Les Etats-Unis et le Brésil en première ligne

Chez BMI Research, les analystes préviennent que « La Niña pourrait affecter la météo dans deux des plus grandes régions nourricières de la planète, les Etats-Unis et le Brésil, créant un risque non négligeable de baisse de la production de maïs, de soja, de blé, de sucre, de coton et de café. » A l'inverse, il pourrait offrir une récolte de cacao record en Côte d'Ivoire.

Mais le phénomène a surtout le pouvoir d'exacerber la volatilité des cours des matières premières. « Les Niñas passées ont secoué les marchés agricoles, faisant valdinguer les prix des cultures, pointe Erik Norland, senior économiste chez CME Group.
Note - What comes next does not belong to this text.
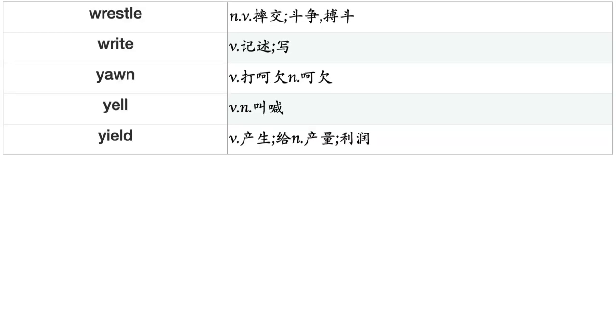Whisper, Whistle, Whiten, Whitewash, Widen, Win, Wink, Wipe, Wish, Withdraw, Withhold, Withstand, Witness, Work, Worry, Worship, Wound, Wrap, Wreck, Wrench, Wrestle, Write, Yawn, Yell, Yield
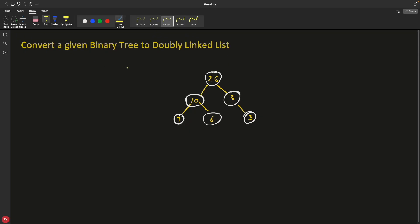Hello everyone, this is Rupesh and you are watching CPPNets video series on binary search or binary tree interview questions. This video is about converting a given binary tree into a doubly linked list.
Les cours finissaient par chuter dans un contexte de volatilité exceptionnellement élevée », poursuit-il, stipulant toutefois que les réactions ont été très variées au cours des huit derniers épisodes qu'il a étudiés.

Parmi les grands négociants de produits agricoles, on se veut rassurant. Le géant asiatique Olam balaie tout impact sur l'approvisionnement des différentes régions du monde qu'il fournit, notamment en huile de palme... dont le prix a grimpé au plus haut depuis deux ans après l'un des plus forts El Niño jamais enregistrés.

« Si les matières premières sont les plus exposées à un risque de conditions météo défavorables, l'activité minière - charbon, minerai de fer et étain en particulier - pourrait également être gênée par La Niña dans les trimestres à venir », reprend BMI Research. En 2010 et 2011, les prix du charbon avaient fortement progressé après les inondations qui avaient frappé l'Indonésie et l'Australie, deux des plus gros producteurs.